Step 2. Identity confusion - after puberty

Puberty brings an increased awareness of sexual feelings and thoughts (regardless of sexuality). Young gay adolescents often internalize society's misconceptions. Their need to hide prevents them from getting accurate information. However, many sense an inability to relate to stereotypes they internalize, causing feelings of confusion. They also lack role models of people with their sexuality. Their social isolation constricts their development. They gain a deeper sense that their feelings and perceptions are out of step with those of others.

Step 3. Identity assumption - mid- to late-adolescence or young adulthood

At this time, many sexual minority youth identify themselves with a particular minority group. They disclose to other people with a similar sexuality if they are available. They find access to a supportive community for social purposes and for information. This group can open up educational, occupational, and relationship choices for them, dispel negative stereotypes, and help them manage stigma.
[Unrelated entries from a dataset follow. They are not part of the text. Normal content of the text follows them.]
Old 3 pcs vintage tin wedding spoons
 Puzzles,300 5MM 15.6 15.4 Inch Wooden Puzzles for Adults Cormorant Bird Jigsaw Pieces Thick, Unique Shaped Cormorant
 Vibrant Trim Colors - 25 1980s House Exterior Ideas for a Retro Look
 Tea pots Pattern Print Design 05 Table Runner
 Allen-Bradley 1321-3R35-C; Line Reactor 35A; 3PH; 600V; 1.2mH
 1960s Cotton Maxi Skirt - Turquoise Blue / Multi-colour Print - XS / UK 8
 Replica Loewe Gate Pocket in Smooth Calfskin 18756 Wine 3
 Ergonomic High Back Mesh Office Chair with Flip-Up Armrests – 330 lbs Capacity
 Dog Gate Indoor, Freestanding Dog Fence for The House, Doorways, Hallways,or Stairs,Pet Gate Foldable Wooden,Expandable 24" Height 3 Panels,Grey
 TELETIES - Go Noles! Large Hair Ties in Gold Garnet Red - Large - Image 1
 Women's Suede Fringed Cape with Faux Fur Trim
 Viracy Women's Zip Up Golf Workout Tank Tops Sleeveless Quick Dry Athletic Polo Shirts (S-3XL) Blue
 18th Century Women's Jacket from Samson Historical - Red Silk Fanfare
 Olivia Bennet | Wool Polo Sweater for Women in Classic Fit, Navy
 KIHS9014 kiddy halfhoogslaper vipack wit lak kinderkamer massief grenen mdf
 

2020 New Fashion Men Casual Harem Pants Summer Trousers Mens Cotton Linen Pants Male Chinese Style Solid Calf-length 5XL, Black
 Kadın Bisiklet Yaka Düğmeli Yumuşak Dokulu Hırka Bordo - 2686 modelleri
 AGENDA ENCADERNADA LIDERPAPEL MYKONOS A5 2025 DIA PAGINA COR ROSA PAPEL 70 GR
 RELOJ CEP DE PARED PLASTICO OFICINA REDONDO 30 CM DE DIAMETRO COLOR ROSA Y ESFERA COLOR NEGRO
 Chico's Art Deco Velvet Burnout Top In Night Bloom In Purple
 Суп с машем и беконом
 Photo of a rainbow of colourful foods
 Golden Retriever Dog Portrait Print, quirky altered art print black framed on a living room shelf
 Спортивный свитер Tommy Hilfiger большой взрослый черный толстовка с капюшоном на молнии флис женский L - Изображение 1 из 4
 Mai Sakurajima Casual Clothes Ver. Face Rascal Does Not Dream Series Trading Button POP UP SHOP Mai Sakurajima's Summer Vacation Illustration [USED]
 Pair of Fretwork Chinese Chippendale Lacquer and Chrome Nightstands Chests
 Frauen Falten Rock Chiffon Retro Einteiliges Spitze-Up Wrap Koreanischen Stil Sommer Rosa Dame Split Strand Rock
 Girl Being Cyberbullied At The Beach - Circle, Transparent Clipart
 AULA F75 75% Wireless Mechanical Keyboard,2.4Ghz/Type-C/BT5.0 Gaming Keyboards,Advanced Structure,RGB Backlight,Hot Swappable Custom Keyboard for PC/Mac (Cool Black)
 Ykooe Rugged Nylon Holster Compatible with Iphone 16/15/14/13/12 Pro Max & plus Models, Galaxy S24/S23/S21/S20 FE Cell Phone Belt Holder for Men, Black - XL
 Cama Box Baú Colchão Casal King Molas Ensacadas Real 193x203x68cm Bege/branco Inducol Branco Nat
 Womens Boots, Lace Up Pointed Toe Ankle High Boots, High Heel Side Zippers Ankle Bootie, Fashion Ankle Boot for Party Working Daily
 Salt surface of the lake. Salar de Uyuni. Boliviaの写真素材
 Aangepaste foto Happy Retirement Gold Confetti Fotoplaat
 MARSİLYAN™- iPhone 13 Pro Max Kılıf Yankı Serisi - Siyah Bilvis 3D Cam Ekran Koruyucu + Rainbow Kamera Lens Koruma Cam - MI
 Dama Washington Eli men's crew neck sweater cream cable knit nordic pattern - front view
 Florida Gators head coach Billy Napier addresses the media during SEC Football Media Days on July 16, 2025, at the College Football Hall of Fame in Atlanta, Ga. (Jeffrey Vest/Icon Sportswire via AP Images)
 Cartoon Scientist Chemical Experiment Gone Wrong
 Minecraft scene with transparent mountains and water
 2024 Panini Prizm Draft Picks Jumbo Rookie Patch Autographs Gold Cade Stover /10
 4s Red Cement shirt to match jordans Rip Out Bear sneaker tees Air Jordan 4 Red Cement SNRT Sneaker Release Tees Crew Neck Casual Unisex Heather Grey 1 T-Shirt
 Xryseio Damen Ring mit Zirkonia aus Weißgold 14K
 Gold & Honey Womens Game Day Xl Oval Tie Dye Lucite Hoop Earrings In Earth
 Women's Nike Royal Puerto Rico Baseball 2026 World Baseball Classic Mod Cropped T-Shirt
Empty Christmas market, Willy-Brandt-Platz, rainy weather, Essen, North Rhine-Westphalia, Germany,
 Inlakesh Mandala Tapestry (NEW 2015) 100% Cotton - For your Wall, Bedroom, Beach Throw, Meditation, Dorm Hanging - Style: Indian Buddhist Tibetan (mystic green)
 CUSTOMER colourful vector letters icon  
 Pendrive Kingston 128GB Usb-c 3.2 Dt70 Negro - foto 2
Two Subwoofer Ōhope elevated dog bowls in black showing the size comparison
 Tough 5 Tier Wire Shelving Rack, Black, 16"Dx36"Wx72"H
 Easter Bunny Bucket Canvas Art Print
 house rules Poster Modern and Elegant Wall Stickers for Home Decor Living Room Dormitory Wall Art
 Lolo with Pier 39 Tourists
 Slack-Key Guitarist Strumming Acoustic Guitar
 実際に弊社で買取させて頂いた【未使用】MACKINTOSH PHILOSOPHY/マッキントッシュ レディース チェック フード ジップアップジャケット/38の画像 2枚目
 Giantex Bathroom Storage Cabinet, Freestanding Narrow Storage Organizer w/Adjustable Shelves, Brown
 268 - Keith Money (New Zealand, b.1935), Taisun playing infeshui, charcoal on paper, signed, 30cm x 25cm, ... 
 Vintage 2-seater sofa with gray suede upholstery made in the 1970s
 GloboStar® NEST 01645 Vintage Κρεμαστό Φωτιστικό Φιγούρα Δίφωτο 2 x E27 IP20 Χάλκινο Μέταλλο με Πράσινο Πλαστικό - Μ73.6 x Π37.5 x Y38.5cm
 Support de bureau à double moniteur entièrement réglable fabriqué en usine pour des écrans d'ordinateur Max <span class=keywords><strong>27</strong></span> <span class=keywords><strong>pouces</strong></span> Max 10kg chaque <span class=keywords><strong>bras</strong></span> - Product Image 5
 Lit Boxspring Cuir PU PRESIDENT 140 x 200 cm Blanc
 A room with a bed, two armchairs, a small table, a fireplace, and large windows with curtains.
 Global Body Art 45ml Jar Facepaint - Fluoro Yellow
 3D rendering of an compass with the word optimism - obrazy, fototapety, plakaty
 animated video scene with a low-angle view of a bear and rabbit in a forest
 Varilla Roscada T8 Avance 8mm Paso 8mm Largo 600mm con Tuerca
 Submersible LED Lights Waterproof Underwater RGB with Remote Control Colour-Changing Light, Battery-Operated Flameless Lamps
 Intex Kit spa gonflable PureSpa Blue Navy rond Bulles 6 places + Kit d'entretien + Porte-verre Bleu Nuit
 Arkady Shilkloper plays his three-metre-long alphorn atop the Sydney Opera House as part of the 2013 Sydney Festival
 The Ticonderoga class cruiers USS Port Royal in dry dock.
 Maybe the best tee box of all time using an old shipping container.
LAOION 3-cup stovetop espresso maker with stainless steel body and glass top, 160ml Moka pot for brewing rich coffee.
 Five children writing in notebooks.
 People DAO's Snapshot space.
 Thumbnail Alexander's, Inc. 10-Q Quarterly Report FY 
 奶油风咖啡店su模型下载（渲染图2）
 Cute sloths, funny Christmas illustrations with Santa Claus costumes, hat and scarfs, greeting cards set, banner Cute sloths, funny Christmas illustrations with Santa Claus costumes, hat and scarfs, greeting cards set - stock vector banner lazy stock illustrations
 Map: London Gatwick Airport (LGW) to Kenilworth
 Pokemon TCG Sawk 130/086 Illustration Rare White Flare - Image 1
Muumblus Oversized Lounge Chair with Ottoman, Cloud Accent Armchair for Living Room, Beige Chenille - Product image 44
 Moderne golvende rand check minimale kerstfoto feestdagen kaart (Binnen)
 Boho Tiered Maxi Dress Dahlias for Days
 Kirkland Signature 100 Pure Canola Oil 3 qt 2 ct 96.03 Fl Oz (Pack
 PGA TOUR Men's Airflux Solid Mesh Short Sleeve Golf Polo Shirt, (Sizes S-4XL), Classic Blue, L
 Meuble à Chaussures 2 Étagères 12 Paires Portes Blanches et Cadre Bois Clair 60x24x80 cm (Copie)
They may still hide their sexuality from mainstream society and avoid situations that risk discovery. Some even deny, attempt to change, or repress their feelings through alcohol or drugs. Without adequate support and information, they may develop maladaptive coping behaviors.

4. Commitment - usually adulthood

In this stage, the individual incorporates his sexual identity into all aspects of life, leading to self-acceptance. He may enter into a close relationship, disclose to straight friends, family members, and close colleagues. Not all people complete this stage fully.

The coming out process plays an important role in identity development and psychological adjustment. Straight friends are a source of emotional support for most gay youth, but half of all gay youth say they lose some friends. The process can involve feelings of confusion and psychological distress which may resemble a psychiatric disorder. At that time, the youth is at risk for misdiagnosis, labeling, and inappropriate treatment. However, after the crisis passes, psychological distress resolves. Negative psychological reactions can be minimized by access to information and support.

Adapted from Caitlin Ryan & Donna Futterman, Lesbian and Gay Youth: Care & Counseling, New York: Columbia University Press, 1998.